The letter addresses a recent controversy here in the Philippines involving the Roman Catholic Bishops’ opposition to birth control and their threatening to withhold communion from “pro-abortion politicians.” There are in fact no politicians in the Philippines advocating the legalization of abortion. It is a non-debate and that is the subject of my letter.

Thus far it has not been published, and I suspect it will not be. The length is not the issue. The INQUIRER publishes lots of long letters to the editor. I believe the issue is the INQUIRER’s fear of further antagonizing the Roman Catholic Church.

The odd thing is that there is nothing for the INQUIRER to fear. Nor is their anything for politicians to fear from the Bishops. Survey after survey indicates that very few Catholic Filipinos consider the positions taken by the Bishops on political issues or on candidates. When they vote, or make choices about their family or personal lives, Filipinos vote based on their experience. Despite an often magical world-view, Filipinos are very much this-worldly. There is no contradiction and that in it self could be the subject of a future blog.

I have been deeply nurtured in my spiritual and political life by Roman Catholic priests, brothers, sisters, and lay leaders. This has been the case in the United States and in the Philippines. But I also insist that the biggest obstacle to development and prosperity in the Philippines is not the Asian Development Bank, the World Bank, or even U.S. imperialism. The biggest obstacle to prosperity and development in the Philippines is the Roman Catholic Church and the medieval thinking it encourages.

The letter follows:

***

Dear Editor,

For several days now the INQUIRER and other media have been covering the controversy around the issue of the Philippine Catholic Bishops recommending that their priests withhold communion from “pro-abortion politicians.” This issue has been taken up in news articles, columns, and editorials.

I believer the INQUIRER could do more to insist that the Bishops clarify what they are saying. It is not enough to simply give a daily “tit for tat” account of what the Bishops say one day and what some politicians say the next.

I will not address the moral arguments around abortion. For one, these are quite complex involving definitions of what constitutes abortion and issues of fetal development and consciousness. Secondly, no Philippine politician, to my knowledge, is advocating the legalization of abortion. The reproductive health legislation before the Philippine Congress and the ordinance approved by the Quezon City Council all explicitly reaffirm the illegality of abortion.

That is the point of this letter. What, exactly, are the Bishops saying? What is the point of condemning “pro-abortion politicians” when, in fact, there aren’t any? This is where the major newspaper in the Philippines must be more proactive. The INQUIRER must aggressively interview – interrogate even – the Bishops directly and not simply report what they say in a press release or press conference. This is a case where a religious organization has insinuated itself into the public sphere and the Bishops must be held accountable for their words and their logic in the same way as politicians.

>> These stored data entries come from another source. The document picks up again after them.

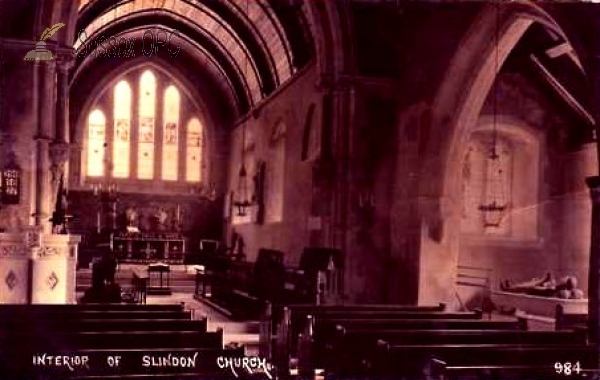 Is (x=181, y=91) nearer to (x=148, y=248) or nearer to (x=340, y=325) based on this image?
(x=148, y=248)

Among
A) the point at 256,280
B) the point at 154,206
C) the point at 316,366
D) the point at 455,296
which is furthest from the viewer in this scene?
the point at 154,206

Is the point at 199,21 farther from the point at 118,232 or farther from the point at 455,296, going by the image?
the point at 455,296

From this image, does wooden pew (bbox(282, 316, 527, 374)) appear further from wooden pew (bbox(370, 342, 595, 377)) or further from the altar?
the altar

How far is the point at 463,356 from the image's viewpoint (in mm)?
5441

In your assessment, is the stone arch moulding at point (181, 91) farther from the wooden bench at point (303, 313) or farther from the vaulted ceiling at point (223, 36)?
the wooden bench at point (303, 313)

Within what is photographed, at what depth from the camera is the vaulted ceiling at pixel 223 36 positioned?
17.8 m

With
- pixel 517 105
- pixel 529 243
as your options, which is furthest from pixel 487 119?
pixel 529 243

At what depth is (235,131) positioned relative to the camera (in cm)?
2577

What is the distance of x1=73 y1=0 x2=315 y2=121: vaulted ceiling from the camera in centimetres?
1784

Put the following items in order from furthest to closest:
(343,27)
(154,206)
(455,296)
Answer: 1. (154,206)
2. (343,27)
3. (455,296)

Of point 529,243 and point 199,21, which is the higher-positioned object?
point 199,21

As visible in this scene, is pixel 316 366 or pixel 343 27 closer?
pixel 316 366

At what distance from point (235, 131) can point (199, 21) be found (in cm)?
455

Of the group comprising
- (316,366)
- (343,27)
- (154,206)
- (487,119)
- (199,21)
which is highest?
(199,21) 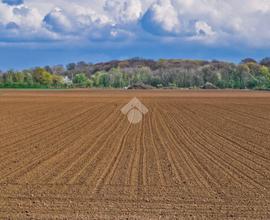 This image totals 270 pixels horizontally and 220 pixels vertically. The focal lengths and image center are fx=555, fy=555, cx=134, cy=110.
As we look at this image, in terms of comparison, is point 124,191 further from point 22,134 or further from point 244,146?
point 22,134

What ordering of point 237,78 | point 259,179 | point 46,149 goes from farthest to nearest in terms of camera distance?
point 237,78 < point 46,149 < point 259,179

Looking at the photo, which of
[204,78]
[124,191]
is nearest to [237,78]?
[204,78]

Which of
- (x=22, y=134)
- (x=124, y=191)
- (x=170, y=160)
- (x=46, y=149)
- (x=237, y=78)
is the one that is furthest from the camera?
(x=237, y=78)

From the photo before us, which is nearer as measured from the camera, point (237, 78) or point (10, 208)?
point (10, 208)

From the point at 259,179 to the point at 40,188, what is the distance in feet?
15.2

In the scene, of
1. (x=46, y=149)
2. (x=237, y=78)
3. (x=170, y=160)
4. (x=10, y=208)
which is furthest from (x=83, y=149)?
(x=237, y=78)

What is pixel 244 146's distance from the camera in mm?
Answer: 17531

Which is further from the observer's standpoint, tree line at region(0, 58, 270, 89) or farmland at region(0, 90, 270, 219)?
tree line at region(0, 58, 270, 89)

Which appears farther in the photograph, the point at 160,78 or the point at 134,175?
the point at 160,78

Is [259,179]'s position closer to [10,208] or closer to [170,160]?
[170,160]

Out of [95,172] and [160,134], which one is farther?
[160,134]

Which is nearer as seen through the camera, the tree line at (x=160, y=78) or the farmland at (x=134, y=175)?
the farmland at (x=134, y=175)

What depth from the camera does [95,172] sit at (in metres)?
12.6

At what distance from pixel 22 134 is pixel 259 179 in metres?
11.5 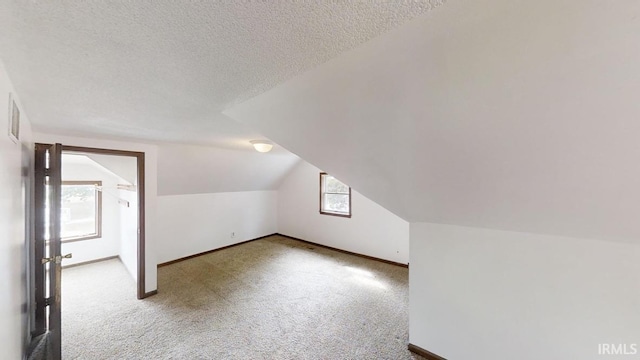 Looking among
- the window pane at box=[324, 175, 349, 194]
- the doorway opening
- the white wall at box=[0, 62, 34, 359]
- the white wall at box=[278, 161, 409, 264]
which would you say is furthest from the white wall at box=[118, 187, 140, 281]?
the window pane at box=[324, 175, 349, 194]

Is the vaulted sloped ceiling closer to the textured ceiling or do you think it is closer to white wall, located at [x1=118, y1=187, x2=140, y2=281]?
the textured ceiling

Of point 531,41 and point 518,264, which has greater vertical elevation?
point 531,41

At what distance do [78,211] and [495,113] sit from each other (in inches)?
256

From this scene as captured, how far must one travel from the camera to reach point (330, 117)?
1.52 m

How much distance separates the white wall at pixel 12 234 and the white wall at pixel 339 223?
4356 millimetres

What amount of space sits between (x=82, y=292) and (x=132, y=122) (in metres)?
2.90

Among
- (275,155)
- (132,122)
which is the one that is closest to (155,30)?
(132,122)

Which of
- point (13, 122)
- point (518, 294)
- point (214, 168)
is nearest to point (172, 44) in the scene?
point (13, 122)

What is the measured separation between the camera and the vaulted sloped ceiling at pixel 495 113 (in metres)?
0.75

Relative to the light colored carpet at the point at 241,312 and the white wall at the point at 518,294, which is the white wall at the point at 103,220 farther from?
the white wall at the point at 518,294

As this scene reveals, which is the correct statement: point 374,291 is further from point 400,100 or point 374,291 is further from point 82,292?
point 82,292

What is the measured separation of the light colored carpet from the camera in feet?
7.39

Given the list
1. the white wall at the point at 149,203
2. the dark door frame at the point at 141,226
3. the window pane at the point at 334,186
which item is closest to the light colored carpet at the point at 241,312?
the dark door frame at the point at 141,226

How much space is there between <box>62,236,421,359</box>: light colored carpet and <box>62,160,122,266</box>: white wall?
36cm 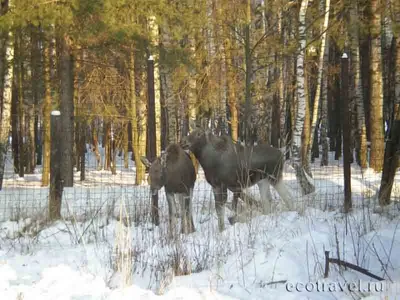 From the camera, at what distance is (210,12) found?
15.2 metres

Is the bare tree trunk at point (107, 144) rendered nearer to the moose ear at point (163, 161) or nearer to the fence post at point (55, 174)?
the fence post at point (55, 174)

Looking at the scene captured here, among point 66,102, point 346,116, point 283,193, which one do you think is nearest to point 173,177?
point 283,193

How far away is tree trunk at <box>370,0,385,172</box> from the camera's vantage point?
12.9m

If pushed on their statements, the Bishops would probably say something like this: “Promoting artificial birth control lowers the overall moral climate of a nation resulting in more extra-marital and unplanned sex resulting in more pregnancies and ultimately in more abortions.” Again, the media need to push them on these issues as their reasoning is contrary to all empirical evidence and also shows a marked confusion over what the Roman Catholic Church actually teaches.

I have taught Christian Social Ethics (Moral Theology) to both Catholic and Protestant students preparing for ministry in both the Philippines and the United States. Although I am not a Roman Catholic, as a student at the Graduate Theological Union in Berkeley, California, I studied ethics from Jesuit theologians and ethicists. To put it simply, I know what I’m talking about.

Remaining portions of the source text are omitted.